Some caveats should be mentioned. First, all laboratory experiments were carried out with simple predator–prey pairs, not accounting for potentially more complex feeding behaviour of predators when multiple prey species or multiple predator individuals coexist (e.g. prey switching or interference competition). Second, our estimates of field energy fluxes assume that consumption rates increase linearly with prey abundances (encounter rates) (Emmerson et al. 2004; Neutel et al. 2007). Where handling and satiation lead to consumption saturation at high prey densities, we anticipate that energy fluxes should always saturate, rather than increase monotonically as prey body mass decreases (and thus prey abundance increases). Third, encounter rates may be influenced by body mass-related species traits such as the search area of the predator and the movement velocity of predator and prey (Aljetlawi et al. 2004). While these caveats may change some quantitative aspects of the model predictions (e.g. the continuous increase in total energy flux with decreasing prey body mass), qualitative differences among predictions of the metabolic and foraging models should be robust. Most importantly, this includes (1) the power-law (metabolic model) vs. hump-shaped (foraging model) relationship between per capita energy flux and predator body mass; and (2) the increase (metabolic model) vs. decrease (foraging model) in total energy flux with predator body mass. Future extensions of our approach will address how more complex foraging models that account for the caveats listed above may change the quantitative predictions of the models.
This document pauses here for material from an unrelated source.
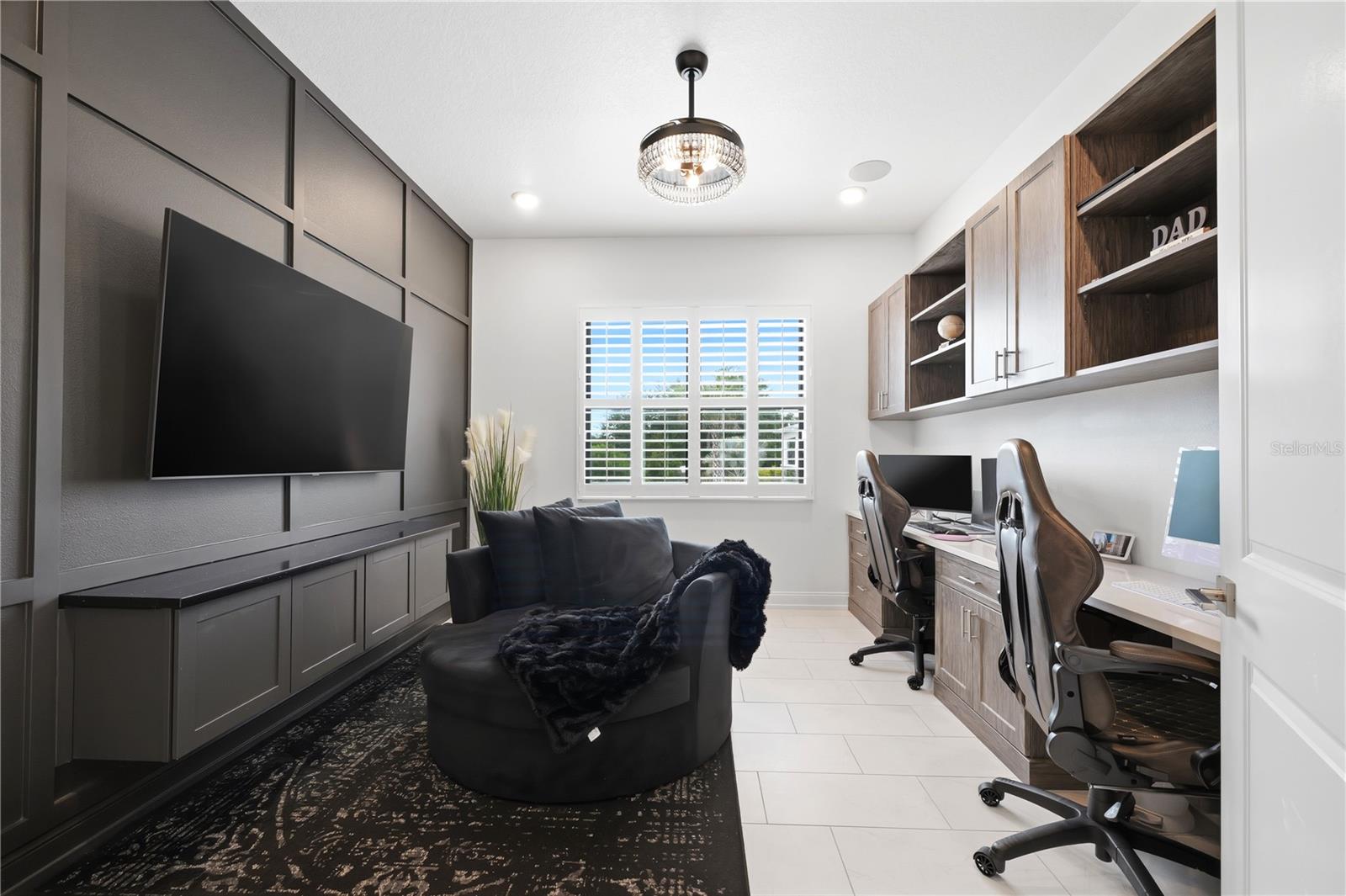 LIVINGSTON GROVE - Residential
While metabolic theory accurately predicts physiological processes at the level of individuals (per capita metabolic demand and consumption) (Brown et al. 2004), it failed to accurately predict per link energy fluxes at high predator–prey body mass ratios. At these high ratios, energy fluxes were not driven by the predators’ metabolic demand as assumed by metabolic theory. Instead, they depended primarily on behavioural aspects of the interaction, such as the prey's escape efficiency that increased with predator–prey body mass ratios (for R > Rmax). Rooted in behavioural models of foraging theory, the hump-shaped foraging model successfully predicted the energy fluxes in the present study. Thus reconciling these two bodies of theory that successfully predict patterns at the level of individuals (metabolic theory) and links (foraging theory) will be an important step towards quantitative community ecology that predicts energy fluxes and abundances.
Interestingly, the predator–prey body mass ratios that characterize the maximum predation rates in our experiments are consistent with the average predator–prey body mass ratios found in natural food webs (Brose et al. 2006a). Consistent with prior studies (Wilson 1975; Wahlstrom et al. 2000; Bystrom et al. 2003; Aljetlawi et al. 2004; Finstad et al. 2006), our results suggest that predators may efficiently exploit prey that fall within a specific size range. Such a contiguous feeding range is also consistent with successful theoretical concepts of adaptive (Uchida, Drossel & Brose 2007) and static food web topology (Williams & Martinez 2000; Loeuille & Loreau 2005; Stouffer, Camacho & Amaral 2006). Moreover, the foraging model predicts energy fluxes through individual feeding links, which offers a new perspective on the distribution of interaction strengths within food webs that ultimately drive network stability (Emmerson et al. 2004; Brose et al. 2006b; Montoya et al. 2006; Neutel et al. 2007). Specifically, our results suggest that the dominant per capita energy fluxes within a food web that are critically important for its stability (Bascompte et al. 2005; Neutel et al. 2007; Otto et al. 2007) occur between predator–prey pairs of intermediate body mass ratios (Fig. 3b). If our results generalize to other predator groups and ecosystem types, this approach allows predicting quantitative energy fluxes in natural food webs (Bersier, Banasek-Richter & Cattin 2002). Ultimately, we anticipate that this will enable a quantitative understanding of interaction strengths, energy fluxes and the stability of complex natural food webs.